BREVE HISTÓRICO SOBRE O CASDM O Centro de Assistência Social Divina Misericórdia foi fundado na década de 1980, na Cidade Industrial de Curitiba. No início da ocupação desta comunidade, entre as décadas de 70 e 80, os moradores da região enfrentavam muitas dificuldades, desde habitação, transporte, saúde, entre outros, e sentia-se a necessidade de uma ajuda mais concreta, visto ser uma zona pouco lembrada pelo poder público. Uma das religiosas que atendia a comunidade na época, Ir.
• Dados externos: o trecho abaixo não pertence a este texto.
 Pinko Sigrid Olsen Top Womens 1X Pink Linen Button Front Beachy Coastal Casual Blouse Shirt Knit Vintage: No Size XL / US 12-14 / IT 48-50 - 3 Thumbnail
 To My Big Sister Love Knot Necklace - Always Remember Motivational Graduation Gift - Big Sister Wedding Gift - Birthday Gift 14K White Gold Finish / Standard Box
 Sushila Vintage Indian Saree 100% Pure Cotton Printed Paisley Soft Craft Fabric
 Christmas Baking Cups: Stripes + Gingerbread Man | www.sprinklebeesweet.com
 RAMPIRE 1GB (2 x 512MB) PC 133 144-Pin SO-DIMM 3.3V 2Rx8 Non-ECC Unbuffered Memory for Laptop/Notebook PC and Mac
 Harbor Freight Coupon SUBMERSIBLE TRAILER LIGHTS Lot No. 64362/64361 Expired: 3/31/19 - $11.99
Maria de Moraes Silva, membro do Instituto das Apóstolas do Sagrado Coração de Jesus e acadêmica do curso de Serviço Social, realizou um trabalho de pesquisa sobre as necessidades da comunidade aos poucos foi se concretizando a ideia de se criar um Centro Social capaz de absorver estas reivindicações e necessidades, a fim de ao menos “remediar” a situação pela qual passavam os primeiros habitantes desta região. Fundou-se então, o Centro de Assistência Social Divina Misericórdia (CASDM), no dia 19 de março de 1983, com o intuito de dar auxílio às pessoas residentes no bairro, seja no atendimento emergencial como na conquista de direitos.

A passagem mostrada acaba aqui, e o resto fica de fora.